Rose of Lima
Feast Day: August 23
Canonized: April 2, 1671
Beatified: April 15, 1668
Even as a baby, Isabel de Flores so pretty that she was called “Rose,” the most beautiful of all the flowers. Growing up in Lima, Peru, where she was born in 1586, Isabel developed a talent for gardening, so it is not surprising that she took the name “Rose” as her confirmation name. As she tended the flowers in her family garden, she prayed. Her relationship with God was the most important thing in her life.
Rose’s parents hoped that she would get married, but Rose wanted to give her life completely to God. She told her parents that her dream was to join the convent to become a nun, but they would not give her permission. They needed Rose at home, helping to support the family.
Rose moved into a hut in the garden. She earned money by selling her flowers during the day. At night she did needlework, making designs with colorful threads on cloth. People bought the clothing she decorated. With the money she earned, Rose helped her family and also bought food for the needy people in her community. She put her prayers into action. With help from her brother, she added rooms to her hut and cared for homeless children and the elderly. She became a much-loved woman everywhere in her country.
When people complimented her beauty, Rose cut her hair and rubbed pepper on her face so that she would not be noticed for her appearance. While she never became a nun, she took vows for the Third Order of St. Dominic and remained chaste through her life.
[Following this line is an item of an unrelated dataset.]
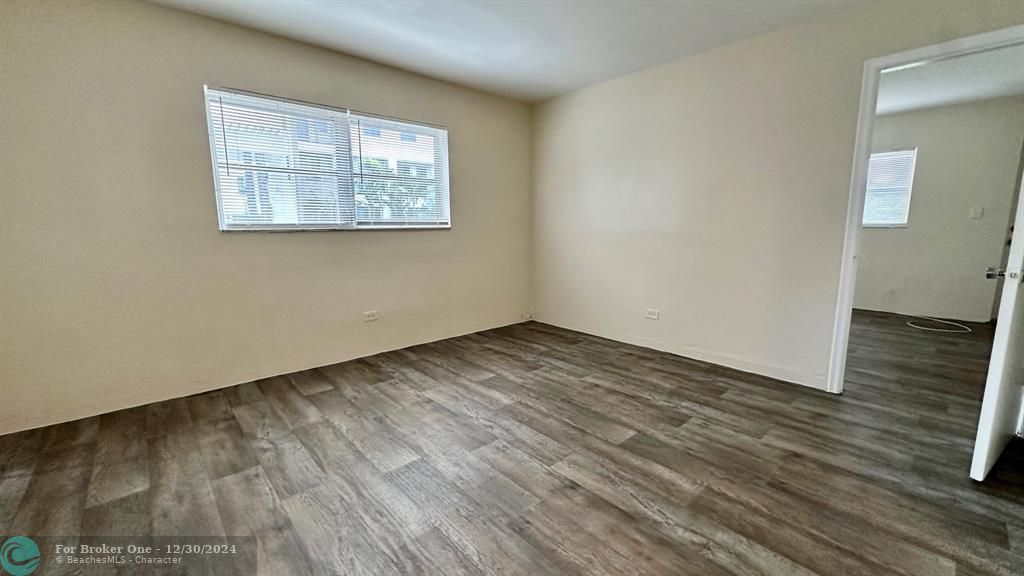 For Rent: $1,495 (1 beds, 1 baths, 650 Square Feet)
Rose did not take good care of her own health. She did not sleep enough and she did not eat properly. These sacrifices shortened her life of service to Jesus and her neighbor. When she died in 1617, she was just 31 years old, and people from all over Lima came to her funeral Mass to thank God for filling Rose with love for all people.
She was canonized in 1667. We honor Rose of Lima on August 23. She was the first person from the New World—the Americas—to be named a saint, and she is today the patroness of Latin America and the Philippines, as well as of gardeners and florists. Rose’s life teaches us to reach out to our neighbor and to use our talents to help them live better lives.